1
— Позвольте, позвольте, откуда вы взяли, что унгвентум по-латыни болезнь? Унгвентум — не болезнь, а мазь, ну цинковая, ну вазелин. И, конечно, только в бреду можно крикнуть:
— Доктор, спасите, у меня припадок унгвентума.
Латинское слово фосса, по-вашему, тоже болезнь. Но я не советую вам лечиться от фоссы, потому что фосса не болезнь, а яма.
И напрасно вы пишете, будто черточки аптечной мензурки указывают вес жидкости. Или вы не знаете, что у каждой жидкости свой собственный вес? Не вес указывают они, но объем.
И напрасно, говоря об однодворцах эпохи Александра II, вы измышляете такую легенду: «Однодворцы — поселяне, считавшие себя принадлежавшими к дворянству», потому что, во-первых, какое нам, скажите, пожалуйста, дело, кем считали себя однодворцы? Можно ли характеризовать какую бы то ни было социальную группу при помощи ее самооценок? А, во-вторых, почему вы не читаете текстов, к которым пишете свои комментарии? Ведь в тексте — подонки крестьянства, спившиеся с круга мужики, а в комментариях — феодалы, помещики. Хороши феодалы, которых, как сказано в вашем же тексте, любое начальство могло отчехвостить плетьми!
2
Я перелистываю эту маленькую книжку, изданную под вашей редакцией в «Дешевой библиотеке классиков». Книжка составлена из деревенских очерков Николая Успенского и предназначена для широчайших читательских масс, — главным образом, должно быть, для колхозников, потому что в ней с необыкновенной рельефностью выставлены мерзости старорежимной деревни.

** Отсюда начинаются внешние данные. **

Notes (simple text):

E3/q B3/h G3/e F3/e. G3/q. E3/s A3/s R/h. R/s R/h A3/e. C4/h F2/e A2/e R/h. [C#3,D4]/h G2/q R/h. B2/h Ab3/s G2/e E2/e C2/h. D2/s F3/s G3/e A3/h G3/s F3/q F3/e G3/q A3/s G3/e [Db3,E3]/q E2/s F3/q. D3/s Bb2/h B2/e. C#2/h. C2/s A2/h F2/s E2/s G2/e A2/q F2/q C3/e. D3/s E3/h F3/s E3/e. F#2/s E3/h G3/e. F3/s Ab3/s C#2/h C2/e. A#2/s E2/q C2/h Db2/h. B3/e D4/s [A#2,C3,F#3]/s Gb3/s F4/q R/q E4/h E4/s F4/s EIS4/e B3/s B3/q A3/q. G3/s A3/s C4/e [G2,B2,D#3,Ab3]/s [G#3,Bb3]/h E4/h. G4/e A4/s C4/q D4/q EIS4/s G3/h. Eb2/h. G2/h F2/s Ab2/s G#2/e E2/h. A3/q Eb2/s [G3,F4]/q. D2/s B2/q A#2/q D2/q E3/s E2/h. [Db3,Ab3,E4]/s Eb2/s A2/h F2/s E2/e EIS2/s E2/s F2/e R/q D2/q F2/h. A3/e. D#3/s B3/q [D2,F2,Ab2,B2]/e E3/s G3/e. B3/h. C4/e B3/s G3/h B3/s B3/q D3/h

Книжка боевая, актуальная, но вот после второго же очерка в ней замелькали такие слова:
— Бовиллос нервос. — Ад артериам каротидем. — Дельтоидеус. — Хилус. — Трефоль. — Кадавер. — Специес спекторалис. — Горации с Курияциями. — Гаудеамус игитур. — Мастоидни. — Стерноклеи.
Что означают эти слова — неизвестно. Вы не даете им никаких объяснений. Это в массовой тридцатикопеечной книжке! Или вы думаете, что наши колхозники говорят между собой по-латыни?
3
Кипятиться по этому поводу дико. Ведь напечатали же вы в примечаниях к «Дыму», что какой-то из тургеневских героев читал в шестидесятых годах «Искру» Владимира Ленина, главным образом стишки в этой «Искре» (!!!). Ошибка чудовищная: спутать Ленина с Курочкиным и нигилистов с социал-демократами!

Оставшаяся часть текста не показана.